→ Task instructions
Give again only those lines from the start of the entries through the line holding "Xanthium orientale Fruto", leaving them as they are.

START Dataset extract

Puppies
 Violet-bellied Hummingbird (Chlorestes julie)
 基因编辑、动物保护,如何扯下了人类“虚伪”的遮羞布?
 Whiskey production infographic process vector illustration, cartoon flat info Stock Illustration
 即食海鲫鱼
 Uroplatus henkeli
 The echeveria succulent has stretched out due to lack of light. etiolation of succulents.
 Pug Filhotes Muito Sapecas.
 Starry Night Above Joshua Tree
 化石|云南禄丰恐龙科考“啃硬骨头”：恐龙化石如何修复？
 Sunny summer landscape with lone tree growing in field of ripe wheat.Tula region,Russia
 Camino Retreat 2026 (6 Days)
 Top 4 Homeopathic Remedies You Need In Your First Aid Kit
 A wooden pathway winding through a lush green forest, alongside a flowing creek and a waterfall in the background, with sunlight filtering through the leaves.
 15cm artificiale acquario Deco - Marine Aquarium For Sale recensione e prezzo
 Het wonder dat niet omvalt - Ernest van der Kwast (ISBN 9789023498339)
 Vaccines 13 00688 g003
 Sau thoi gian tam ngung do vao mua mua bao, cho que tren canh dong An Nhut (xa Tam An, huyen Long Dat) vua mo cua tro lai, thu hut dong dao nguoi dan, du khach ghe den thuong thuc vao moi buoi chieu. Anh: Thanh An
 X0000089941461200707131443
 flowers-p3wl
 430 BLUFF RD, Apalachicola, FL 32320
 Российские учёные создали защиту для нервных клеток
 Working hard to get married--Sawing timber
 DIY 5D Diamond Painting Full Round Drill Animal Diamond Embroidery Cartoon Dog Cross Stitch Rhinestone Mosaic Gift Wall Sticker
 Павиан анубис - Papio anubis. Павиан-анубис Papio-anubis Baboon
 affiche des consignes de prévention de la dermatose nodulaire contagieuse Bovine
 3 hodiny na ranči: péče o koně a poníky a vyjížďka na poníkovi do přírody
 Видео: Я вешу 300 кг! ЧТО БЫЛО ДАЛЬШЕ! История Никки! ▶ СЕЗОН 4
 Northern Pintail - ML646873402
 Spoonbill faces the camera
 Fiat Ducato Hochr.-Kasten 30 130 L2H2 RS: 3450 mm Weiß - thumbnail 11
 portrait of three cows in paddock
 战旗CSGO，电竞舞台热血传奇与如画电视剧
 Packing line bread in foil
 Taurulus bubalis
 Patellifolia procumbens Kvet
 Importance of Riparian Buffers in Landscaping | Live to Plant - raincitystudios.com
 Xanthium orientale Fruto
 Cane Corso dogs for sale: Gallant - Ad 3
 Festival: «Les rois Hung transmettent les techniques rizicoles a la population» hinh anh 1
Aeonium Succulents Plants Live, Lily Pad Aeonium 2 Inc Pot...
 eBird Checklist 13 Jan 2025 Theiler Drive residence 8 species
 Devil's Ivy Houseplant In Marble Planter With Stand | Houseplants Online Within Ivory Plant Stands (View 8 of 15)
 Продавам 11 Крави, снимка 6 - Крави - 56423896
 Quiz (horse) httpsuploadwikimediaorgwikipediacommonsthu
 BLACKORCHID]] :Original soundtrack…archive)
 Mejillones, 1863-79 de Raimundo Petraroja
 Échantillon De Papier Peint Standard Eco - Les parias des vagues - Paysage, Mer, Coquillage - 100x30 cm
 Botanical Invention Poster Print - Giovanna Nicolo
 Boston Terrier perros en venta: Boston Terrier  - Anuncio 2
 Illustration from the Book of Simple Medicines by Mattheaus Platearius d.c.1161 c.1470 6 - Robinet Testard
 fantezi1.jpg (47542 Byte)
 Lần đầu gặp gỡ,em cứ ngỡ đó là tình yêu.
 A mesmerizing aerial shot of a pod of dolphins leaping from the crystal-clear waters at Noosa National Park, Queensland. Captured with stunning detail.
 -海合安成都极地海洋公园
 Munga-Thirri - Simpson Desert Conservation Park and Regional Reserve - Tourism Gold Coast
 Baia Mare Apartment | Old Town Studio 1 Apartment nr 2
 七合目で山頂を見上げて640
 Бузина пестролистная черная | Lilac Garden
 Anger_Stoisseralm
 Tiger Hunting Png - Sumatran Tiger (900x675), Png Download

END Dataset extract

→ Exercise result
Puppies
 Violet-bellied Hummingbird (Chlorestes julie)
 基因编辑、动物保护,如何扯下了人类“虚伪”的遮羞布?
 Whiskey production infographic process vector illustration, cartoon flat info Stock Illustration
 即食海鲫鱼
 Uroplatus henkeli
 The echeveria succulent has stretched out due to lack of light. etiolation of succulents.
 Pug Filhotes Muito Sapecas.
 Starry Night Above Joshua Tree
 化石|云南禄丰恐龙科考“啃硬骨头”：恐龙化石如何修复？
 Sunny summer landscape with lone tree growing in field of ripe wheat.Tula region,Russia
 Camino Retreat 2026 (6 Days)
 Top 4 Homeopathic Remedies You Need In Your First Aid Kit
 A wooden pathway winding through a lush green forest, alongside a flowing creek and a waterfall in the background, with sunlight filtering through the leaves.
 15cm artificiale acquario Deco - Marine Aquarium For Sale recensione e prezzo
 Het wonder dat niet omvalt - Ernest van der Kwast (ISBN 9789023498339)
 Vaccines 13 00688 g003
 Sau thoi gian tam ngung do vao mua mua bao, cho que tren canh dong An Nhut (xa Tam An, huyen Long Dat) vua mo cua tro lai, thu hut dong dao nguoi dan, du khach ghe den thuong thuc vao moi buoi chieu. Anh: Thanh An
 X0000089941461200707131443
 flowers-p3wl
 430 BLUFF RD, Apalachicola, FL 32320
 Российские учёные создали защиту для нервных клеток
 Working hard to get married--Sawing timber
 DIY 5D Diamond Painting Full Round Drill Animal Diamond Embroidery Cartoon Dog Cross Stitch Rhinestone Mosaic Gift Wall Sticker
 Павиан анубис - Papio anubis. Павиан-анубис Papio-anubis Baboon
 affiche des consignes de prévention de la dermatose nodulaire contagieuse Bovine
 3 hodiny na ranči: péče o koně a poníky a vyjížďka na poníkovi do přírody
 Видео: Я вешу 300 кг! ЧТО БЫЛО ДАЛЬШЕ! История Никки! ▶ СЕЗОН 4
 Northern Pintail - ML646873402
 Spoonbill faces the camera
 Fiat Ducato Hochr.-Kasten 30 130 L2H2 RS: 3450 mm Weiß - thumbnail 11
 portrait of three cows in paddock
 战旗CSGO，电竞舞台热血传奇与如画电视剧
 Packing line bread in foil
 Taurulus bubalis
 Patellifolia procumbens Kvet
 Importance of Riparian Buffers in Landscaping | Live to Plant - raincitystudios.com
 Xanthium orientale Fruto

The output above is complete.